Keep only the lines of the material below that contain the word "button". Copy those lines.

§ §

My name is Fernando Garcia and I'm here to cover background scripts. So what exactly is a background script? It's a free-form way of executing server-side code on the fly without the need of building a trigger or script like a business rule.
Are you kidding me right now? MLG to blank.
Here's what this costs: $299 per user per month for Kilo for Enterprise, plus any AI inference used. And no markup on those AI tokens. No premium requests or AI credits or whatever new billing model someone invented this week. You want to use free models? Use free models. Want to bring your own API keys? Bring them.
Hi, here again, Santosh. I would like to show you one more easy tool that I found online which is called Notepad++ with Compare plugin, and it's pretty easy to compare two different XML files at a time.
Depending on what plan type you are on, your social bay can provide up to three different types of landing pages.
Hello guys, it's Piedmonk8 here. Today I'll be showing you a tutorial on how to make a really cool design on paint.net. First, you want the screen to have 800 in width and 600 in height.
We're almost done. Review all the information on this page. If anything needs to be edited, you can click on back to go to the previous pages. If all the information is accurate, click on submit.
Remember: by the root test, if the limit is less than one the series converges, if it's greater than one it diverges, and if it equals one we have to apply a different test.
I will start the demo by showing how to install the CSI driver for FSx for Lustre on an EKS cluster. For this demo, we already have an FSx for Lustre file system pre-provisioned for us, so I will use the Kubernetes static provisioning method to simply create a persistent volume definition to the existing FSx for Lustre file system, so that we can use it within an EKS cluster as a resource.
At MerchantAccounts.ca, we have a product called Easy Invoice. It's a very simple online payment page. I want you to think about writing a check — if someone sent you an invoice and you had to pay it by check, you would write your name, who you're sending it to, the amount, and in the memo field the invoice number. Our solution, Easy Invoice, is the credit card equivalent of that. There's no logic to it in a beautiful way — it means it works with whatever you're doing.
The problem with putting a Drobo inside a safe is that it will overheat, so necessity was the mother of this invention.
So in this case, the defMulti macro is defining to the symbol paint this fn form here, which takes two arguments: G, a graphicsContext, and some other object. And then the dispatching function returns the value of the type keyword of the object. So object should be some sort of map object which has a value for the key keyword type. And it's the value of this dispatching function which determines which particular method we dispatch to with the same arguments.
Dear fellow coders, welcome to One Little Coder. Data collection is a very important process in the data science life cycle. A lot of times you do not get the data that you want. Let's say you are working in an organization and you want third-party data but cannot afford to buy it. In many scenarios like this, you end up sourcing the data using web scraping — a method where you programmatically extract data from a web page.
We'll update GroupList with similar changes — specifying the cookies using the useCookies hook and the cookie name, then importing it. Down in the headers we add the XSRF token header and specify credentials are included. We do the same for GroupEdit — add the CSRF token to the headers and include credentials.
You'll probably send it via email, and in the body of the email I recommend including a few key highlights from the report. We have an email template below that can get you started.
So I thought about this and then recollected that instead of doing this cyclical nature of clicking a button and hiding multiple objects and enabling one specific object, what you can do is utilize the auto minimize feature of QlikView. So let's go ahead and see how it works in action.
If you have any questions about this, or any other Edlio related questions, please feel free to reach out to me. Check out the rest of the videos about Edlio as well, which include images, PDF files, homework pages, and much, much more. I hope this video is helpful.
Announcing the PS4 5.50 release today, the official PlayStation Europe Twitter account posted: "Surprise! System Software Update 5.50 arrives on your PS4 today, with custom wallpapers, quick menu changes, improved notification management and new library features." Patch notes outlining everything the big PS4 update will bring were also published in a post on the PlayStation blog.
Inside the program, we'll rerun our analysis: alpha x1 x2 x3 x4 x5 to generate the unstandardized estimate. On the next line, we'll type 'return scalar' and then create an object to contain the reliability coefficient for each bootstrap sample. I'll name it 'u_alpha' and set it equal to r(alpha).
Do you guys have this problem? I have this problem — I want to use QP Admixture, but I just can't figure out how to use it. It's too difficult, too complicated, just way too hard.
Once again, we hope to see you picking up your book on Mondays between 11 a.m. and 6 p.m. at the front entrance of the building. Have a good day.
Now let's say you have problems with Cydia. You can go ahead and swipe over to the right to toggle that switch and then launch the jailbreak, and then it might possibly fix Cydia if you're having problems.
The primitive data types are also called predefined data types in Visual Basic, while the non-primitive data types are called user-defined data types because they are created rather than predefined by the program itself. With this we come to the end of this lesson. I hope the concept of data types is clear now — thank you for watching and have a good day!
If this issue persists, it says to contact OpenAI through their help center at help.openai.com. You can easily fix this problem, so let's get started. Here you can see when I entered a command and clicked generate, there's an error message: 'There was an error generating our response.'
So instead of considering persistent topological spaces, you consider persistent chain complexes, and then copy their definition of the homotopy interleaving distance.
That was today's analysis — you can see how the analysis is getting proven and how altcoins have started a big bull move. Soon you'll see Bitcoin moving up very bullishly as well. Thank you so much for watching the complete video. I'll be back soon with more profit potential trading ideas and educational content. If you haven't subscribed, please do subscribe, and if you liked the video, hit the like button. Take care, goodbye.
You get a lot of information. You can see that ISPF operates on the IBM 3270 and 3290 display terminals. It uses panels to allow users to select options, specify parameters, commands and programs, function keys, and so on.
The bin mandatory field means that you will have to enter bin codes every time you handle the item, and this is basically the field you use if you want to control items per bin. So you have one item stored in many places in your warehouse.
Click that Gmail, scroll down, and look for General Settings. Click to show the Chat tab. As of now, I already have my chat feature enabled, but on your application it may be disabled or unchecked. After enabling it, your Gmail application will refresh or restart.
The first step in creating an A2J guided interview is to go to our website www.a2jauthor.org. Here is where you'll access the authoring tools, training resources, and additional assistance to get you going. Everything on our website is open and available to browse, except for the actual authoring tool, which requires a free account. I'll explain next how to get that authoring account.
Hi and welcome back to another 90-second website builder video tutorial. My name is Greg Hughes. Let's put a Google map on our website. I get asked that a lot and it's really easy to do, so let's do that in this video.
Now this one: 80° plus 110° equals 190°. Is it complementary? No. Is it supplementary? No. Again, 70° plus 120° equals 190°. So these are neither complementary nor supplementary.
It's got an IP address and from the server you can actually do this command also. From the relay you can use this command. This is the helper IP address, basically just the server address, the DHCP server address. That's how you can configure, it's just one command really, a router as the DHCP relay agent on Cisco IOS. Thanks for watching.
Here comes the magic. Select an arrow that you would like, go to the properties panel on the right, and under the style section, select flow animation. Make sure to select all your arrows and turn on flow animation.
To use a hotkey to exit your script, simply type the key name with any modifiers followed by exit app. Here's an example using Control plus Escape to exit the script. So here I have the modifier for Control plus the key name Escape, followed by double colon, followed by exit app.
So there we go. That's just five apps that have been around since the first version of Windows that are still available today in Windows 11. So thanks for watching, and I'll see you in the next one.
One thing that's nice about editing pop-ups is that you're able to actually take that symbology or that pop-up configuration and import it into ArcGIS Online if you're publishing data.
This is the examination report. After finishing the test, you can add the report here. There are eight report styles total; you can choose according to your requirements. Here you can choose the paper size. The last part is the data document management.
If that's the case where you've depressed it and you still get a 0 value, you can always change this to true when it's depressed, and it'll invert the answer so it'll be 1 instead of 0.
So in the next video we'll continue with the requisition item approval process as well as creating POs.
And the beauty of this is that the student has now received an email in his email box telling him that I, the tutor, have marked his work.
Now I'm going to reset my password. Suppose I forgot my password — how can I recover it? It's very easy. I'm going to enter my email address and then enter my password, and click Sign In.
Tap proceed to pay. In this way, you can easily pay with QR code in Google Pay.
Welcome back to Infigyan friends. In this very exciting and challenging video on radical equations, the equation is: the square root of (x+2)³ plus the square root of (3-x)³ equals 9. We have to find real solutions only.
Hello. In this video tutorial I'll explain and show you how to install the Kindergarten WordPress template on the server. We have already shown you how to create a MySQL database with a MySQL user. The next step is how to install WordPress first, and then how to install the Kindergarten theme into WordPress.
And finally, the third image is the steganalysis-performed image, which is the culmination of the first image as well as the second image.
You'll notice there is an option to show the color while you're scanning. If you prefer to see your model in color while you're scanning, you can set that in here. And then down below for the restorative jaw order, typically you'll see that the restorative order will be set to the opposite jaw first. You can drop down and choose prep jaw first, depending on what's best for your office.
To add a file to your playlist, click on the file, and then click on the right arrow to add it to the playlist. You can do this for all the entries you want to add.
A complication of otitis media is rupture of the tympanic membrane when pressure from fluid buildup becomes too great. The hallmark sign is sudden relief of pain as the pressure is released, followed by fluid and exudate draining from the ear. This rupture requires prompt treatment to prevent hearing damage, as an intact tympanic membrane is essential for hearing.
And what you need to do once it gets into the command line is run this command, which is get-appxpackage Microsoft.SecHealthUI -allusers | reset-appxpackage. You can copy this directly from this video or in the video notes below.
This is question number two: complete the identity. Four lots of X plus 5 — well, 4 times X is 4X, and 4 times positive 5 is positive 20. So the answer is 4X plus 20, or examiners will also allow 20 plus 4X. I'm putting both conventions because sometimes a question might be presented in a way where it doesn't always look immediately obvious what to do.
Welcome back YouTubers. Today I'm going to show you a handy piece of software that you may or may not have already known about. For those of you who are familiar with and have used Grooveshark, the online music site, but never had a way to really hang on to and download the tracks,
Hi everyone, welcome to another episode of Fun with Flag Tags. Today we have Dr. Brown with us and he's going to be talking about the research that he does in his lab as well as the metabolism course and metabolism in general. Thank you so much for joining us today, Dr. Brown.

§ §

*SOLUTION BELOW*
So I thought about this and then recollected that instead of doing this cyclical nature of clicking a button and hiding multiple objects and enabling one specific object, what you can do is utilize the auto minimize feature of QlikView. So let's go ahead and see how it works in action.
That was today's analysis — you can see how the analysis is getting proven and how altcoins have started a big bull move. Soon you'll see Bitcoin moving up very bullishly as well. Thank you so much for watching the complete video. I'll be back soon with more profit potential trading ideas and educational content. If you haven't subscribed, please do subscribe, and if you liked the video, hit the like button. Take care, goodbye.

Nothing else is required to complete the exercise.